++++ MATERIAL SUPPLIED

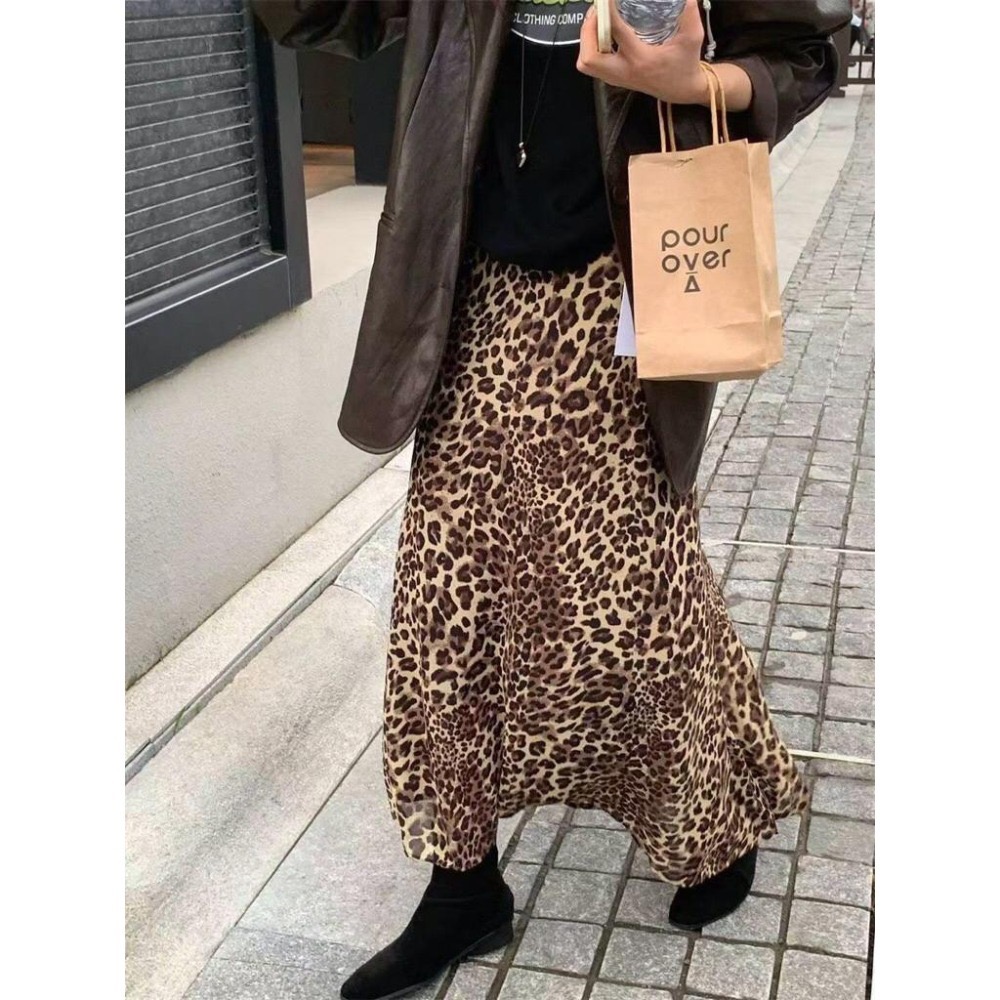 【現+預】MiaoMiao Korea 早秋時尚🐆 時髦豹紋長裙 秋季 東大門 正韓代購-細節圖4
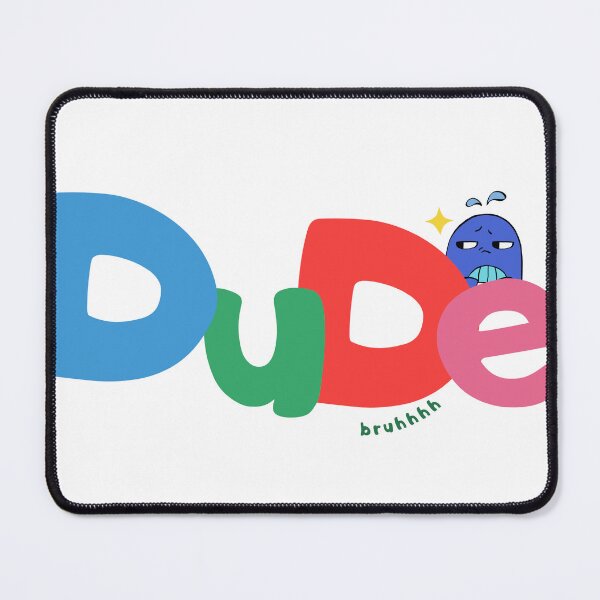Item preview, Cute Dude Bruh Colorful Typography designed and sold by thenostalgicsketchbook.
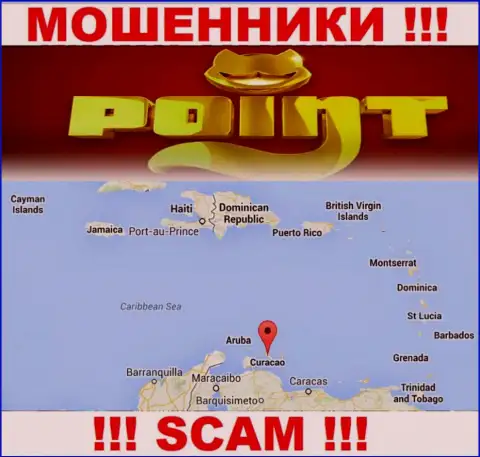 Компания PointLoto Com зарегистрирована очень далеко от клиентов на территории Curacao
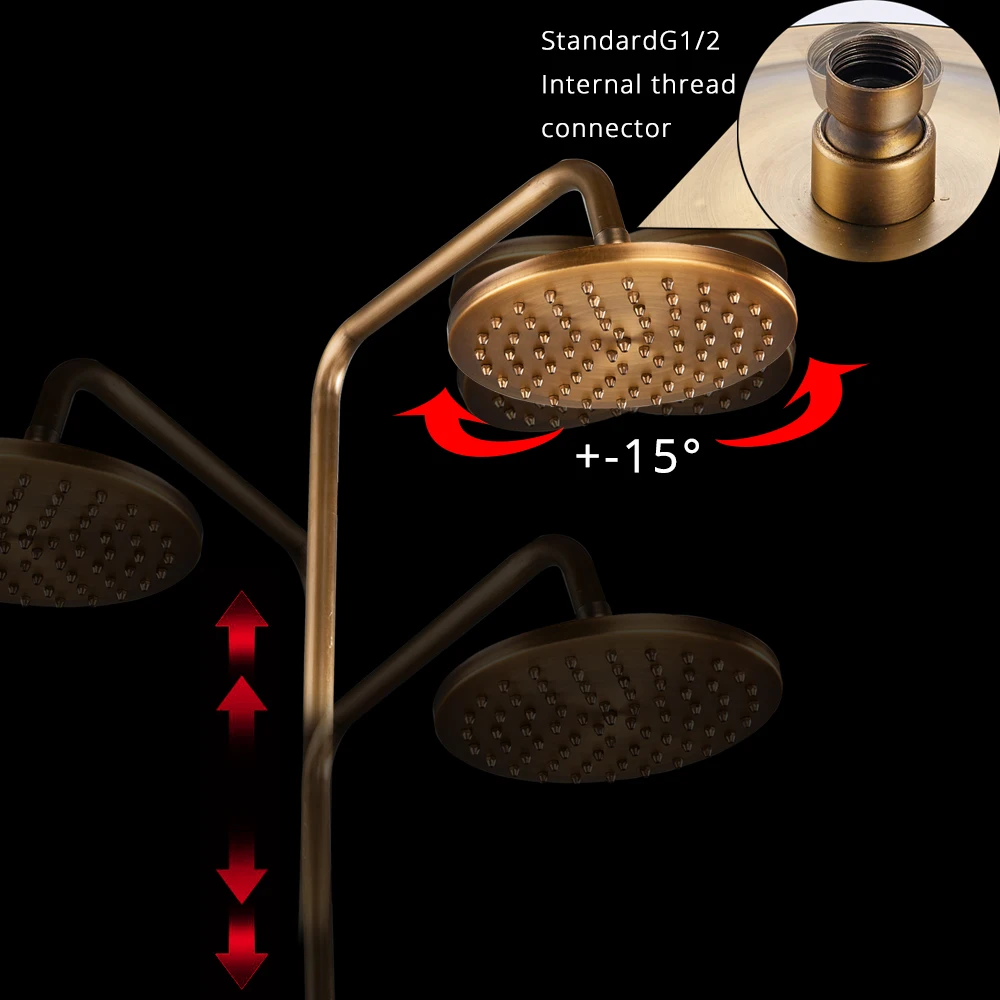 Смеситель для душа с одной ручкой + полка ванной комнаты смеситель латунный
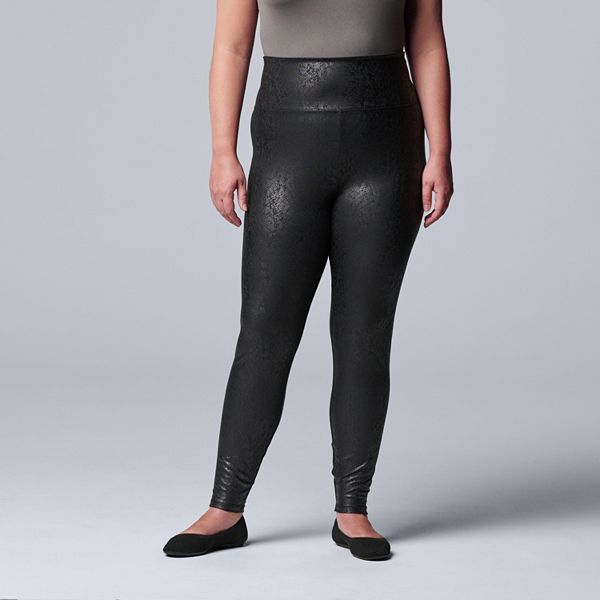 Faux leather deals pants kohls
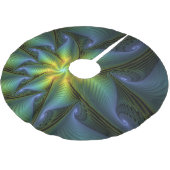 Abstracte Star, glimmende Blauwe Groene Golden Fra Kerstboom Rok (Gekanteld)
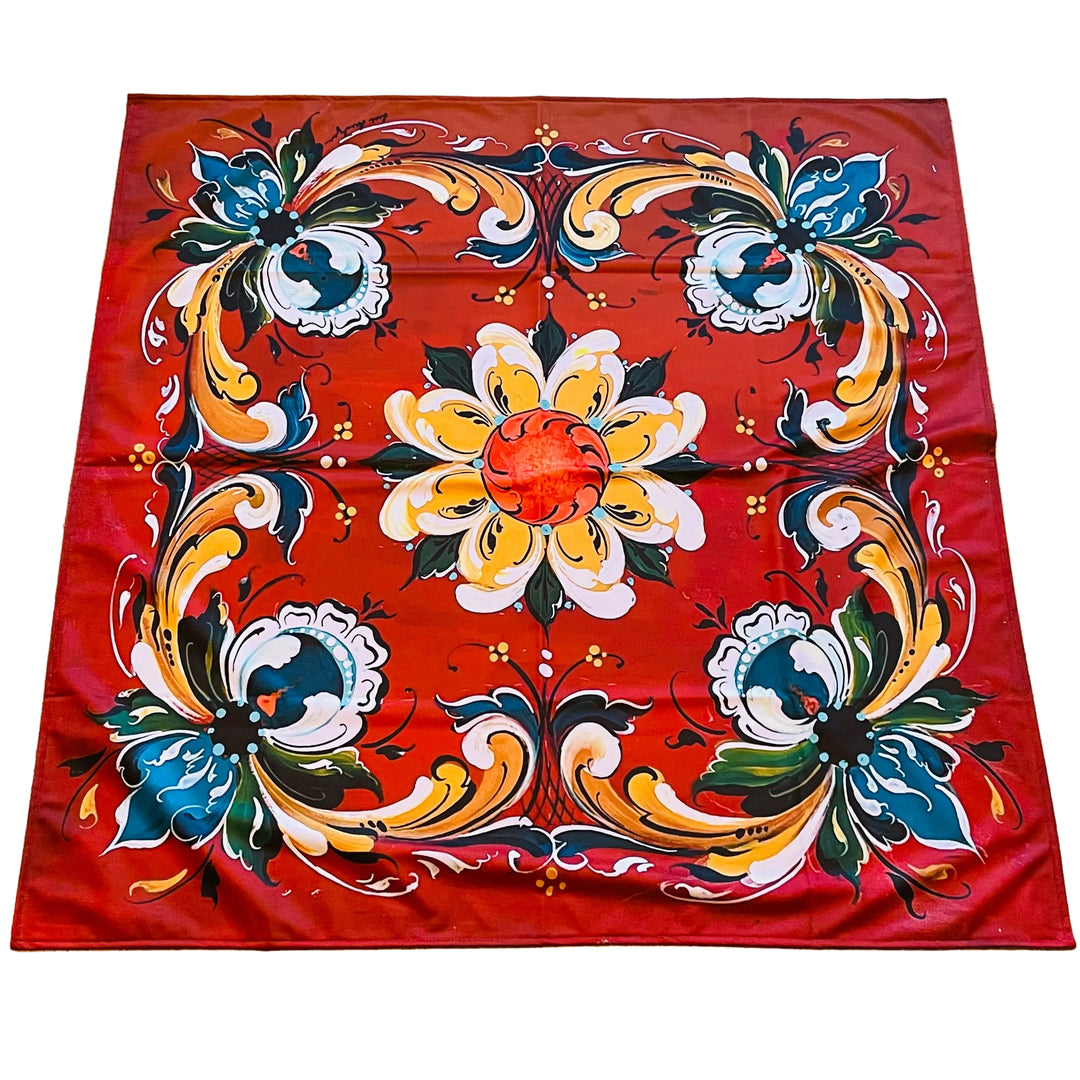 Lise Lorentzen Rosemaling Tablecloth 41"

++++++++

Take the line containing "Item preview, Cute" and every line after it through the end of the data, and write them out exactly, with no pictures.

REPLY TO THE TASK >>
Item preview, Cute Dude Bruh Colorful Typography designed and sold by thenostalgicsketchbook.
 Компания PointLoto Com зарегистрирована очень далеко от клиентов на территории Curacao
 Смеситель для душа с одной ручкой + полка ванной комнаты смеситель латунный
 Faux leather deals pants kohls
 Abstracte Star, glimmende Blauwe Groene Golden Fra Kerstboom Rok (Gekanteld)
 Lise Lorentzen Rosemaling Tablecloth 41"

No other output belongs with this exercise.